Biology
In the early 1800s phrenology (studying bumps on skull) was popular tool for determining a person's mental abilities and character traits
In fairness this 'science' did lead to the study of localization of function - the idea that various brain regions have particular functions
Neural Communication
Neurons - neural cells specially designed to share information electrochemically with other neurons
Throughout life, new neurons are born and unused neurons with away
Cell body - the cell's nucleus and life support center; AKA Soma
Dendrites - fibers that receive and integrate information, conducting it toward the cell body
Axon - the cell's single lengthy fiber that passes messages through its branches to other neurons
As much as home electrical wire is insulated, a segmented layer of fatty tissue called myelin (or myelin sheath) insulates the axons of some neurons and helps speed their impulses.

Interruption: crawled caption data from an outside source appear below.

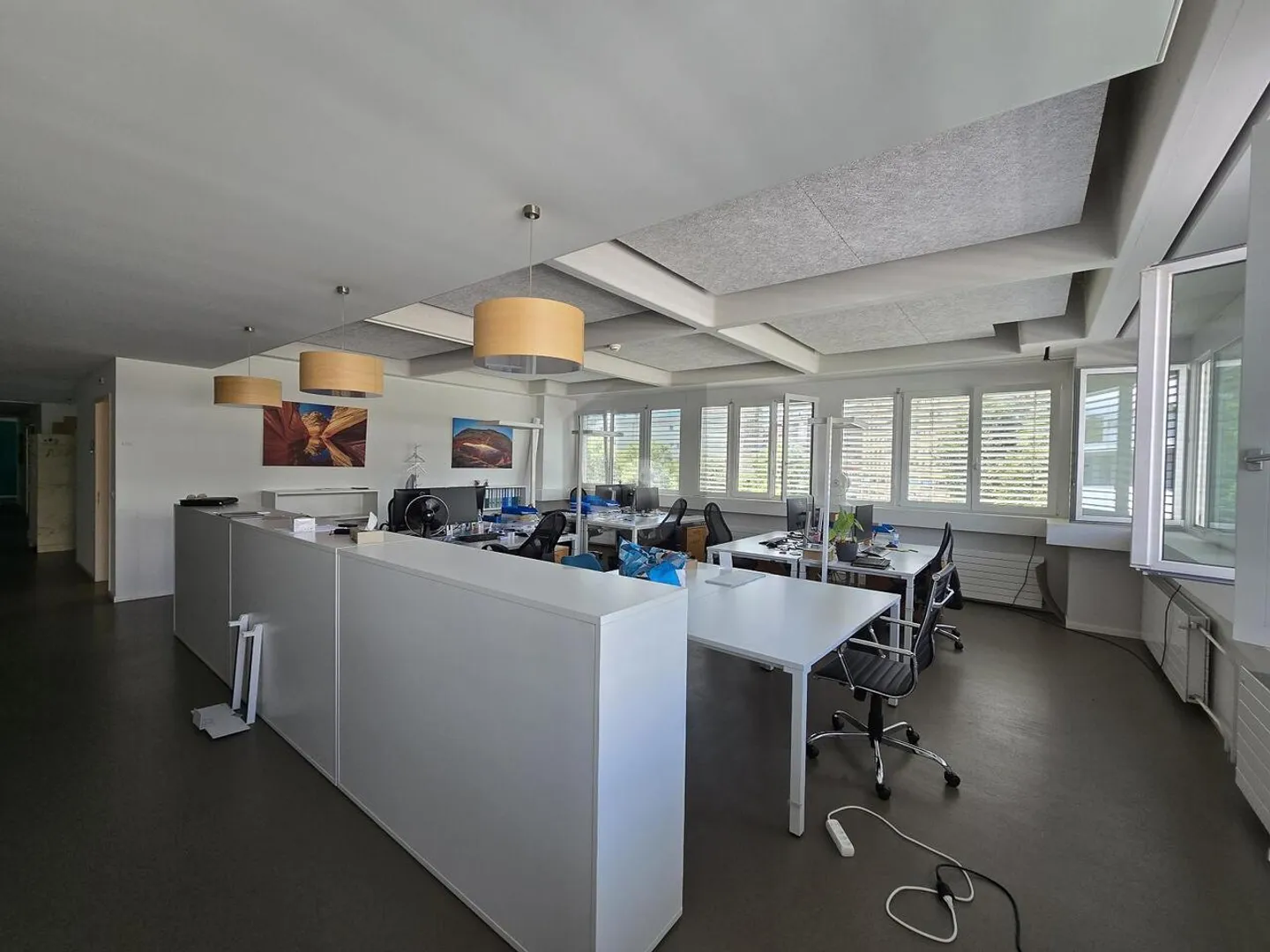 Office space for rent - Photo 1 of 5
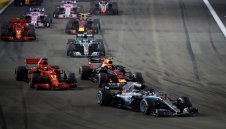 Люис категоричен в Сингапур, вече води с 40 точки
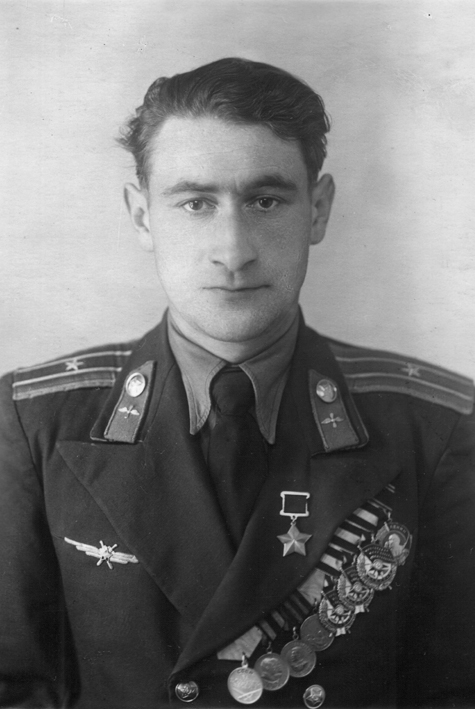 В.А. Иванов, 1952 год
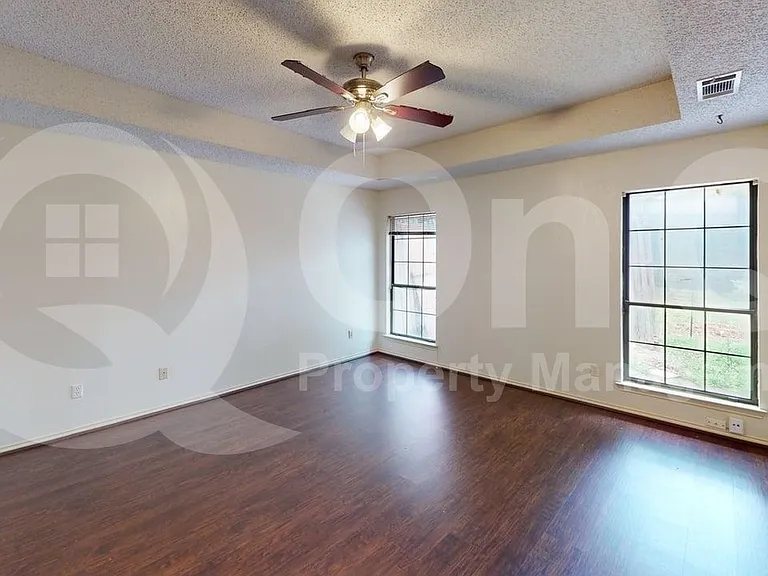 5511 Timber Green Dr — Photo 12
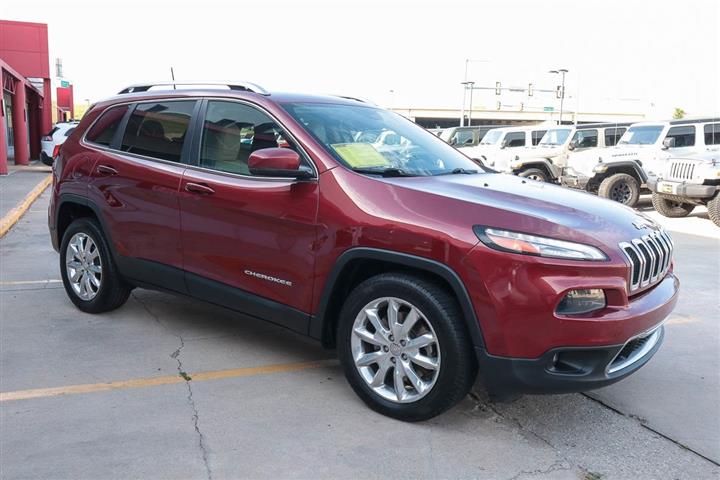 $14979 : 2016 Cherokee Limited image 4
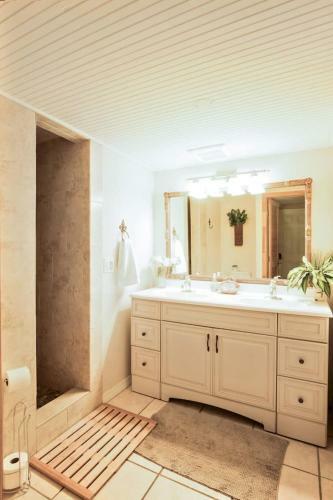 Twin Palms: A Chef's House Close To Beach * Super Kid Friendly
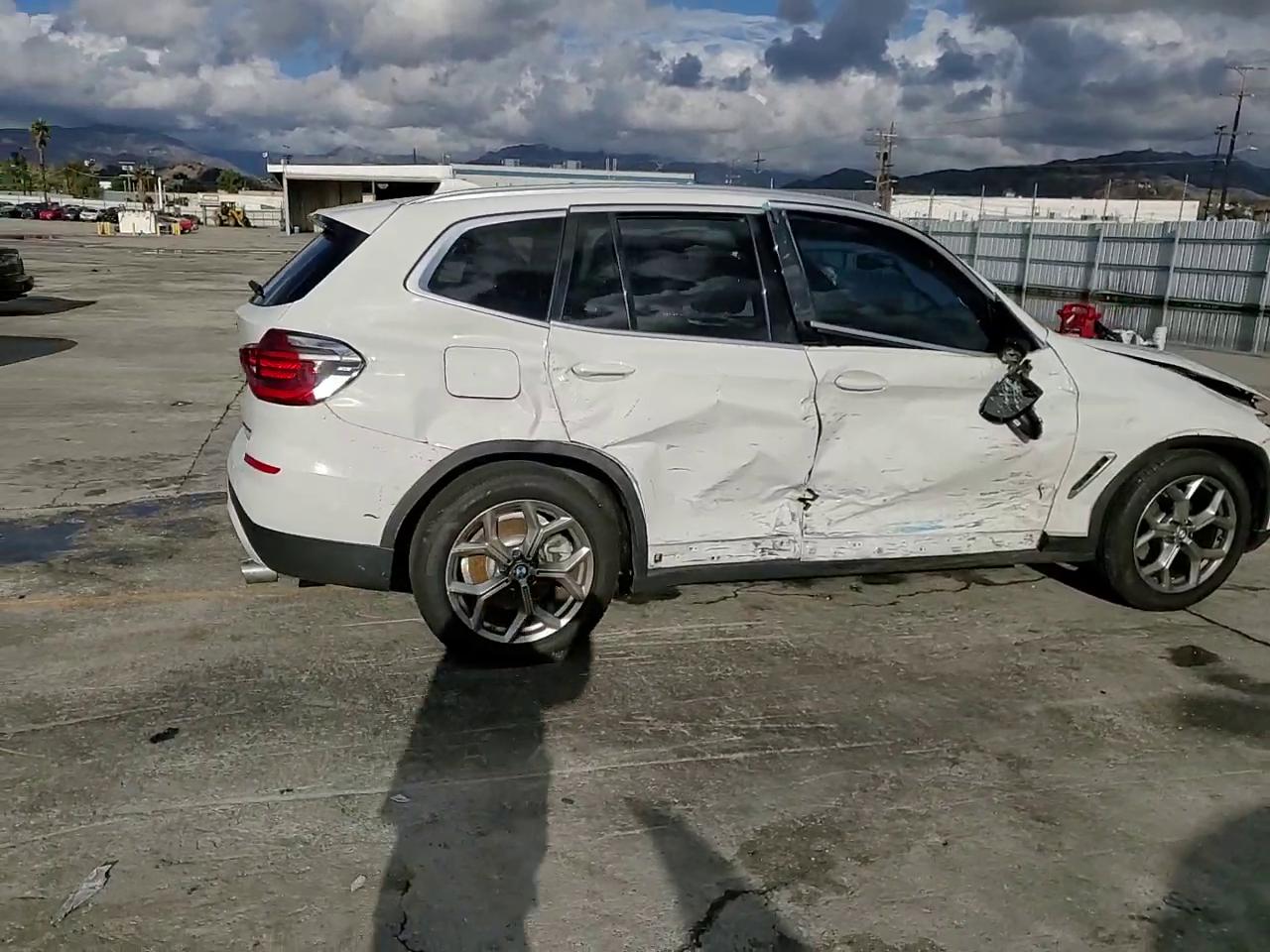 Фото: 5UXTY3C00L9D46229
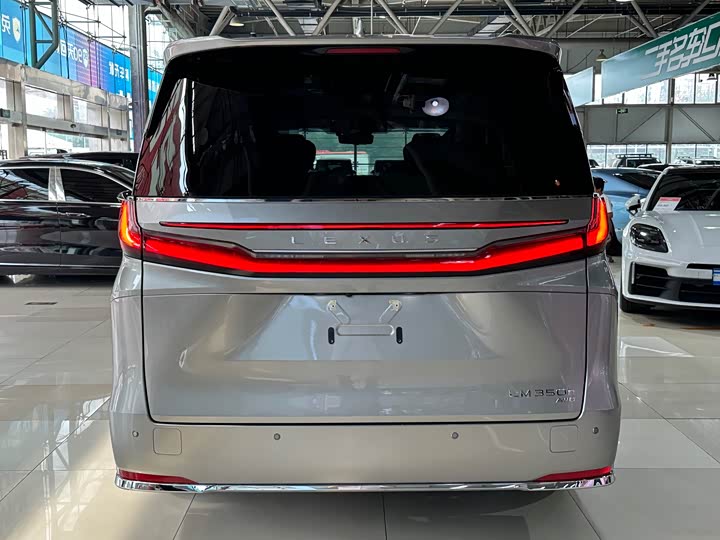 Фото 5 - Lexus LM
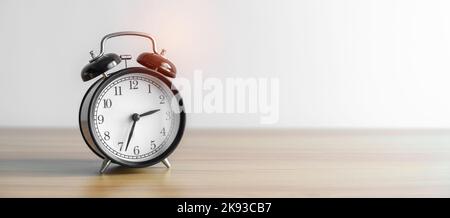 Vintage-Wecker auf Holztisch und Platz für Text kopieren. Aktivität, Alltag, Nachmittag, Training und Work-Life-Balance-Konzept Stockfoto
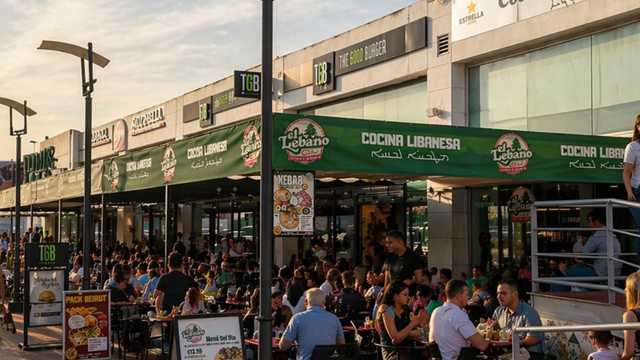 Camarero/a y Ayudante/a de Cocina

As myelin is laid down up to about age 25, neural efficiency, judgement, and self-control increases.
If the myelin sheath degenerates, multiple sclerosis results - meaning communication to muscles slows, with eventual loss of muscle control.
Supporting these billions of nerves cells are glial cells
They provide structure, 'insulating' myelin, communication, and mop up neurotransmitters.
The Neural Impulse
Neurons transmit messages when stimulated by our sense or by neighboring neurons
Action potential - neuron sends a message by firing an electrical impulse down its axon
Most neural signals are excitatory; they transmit the flow of information to make an action potential
Nut some are inhibitory; they regulate the activation of excitatory signals
If excitatory signals exceed inhibitory signals by a minimum intensity (threshold), the combined signals trigger an action potential
Neurons fire in an all-or-none fashion.. (think of it like a gun - it fires or doesn't)
Into is sent from the axon terminal of one cell to the dendrite of another, but it must cross the synapse (gap/junction between the two cells)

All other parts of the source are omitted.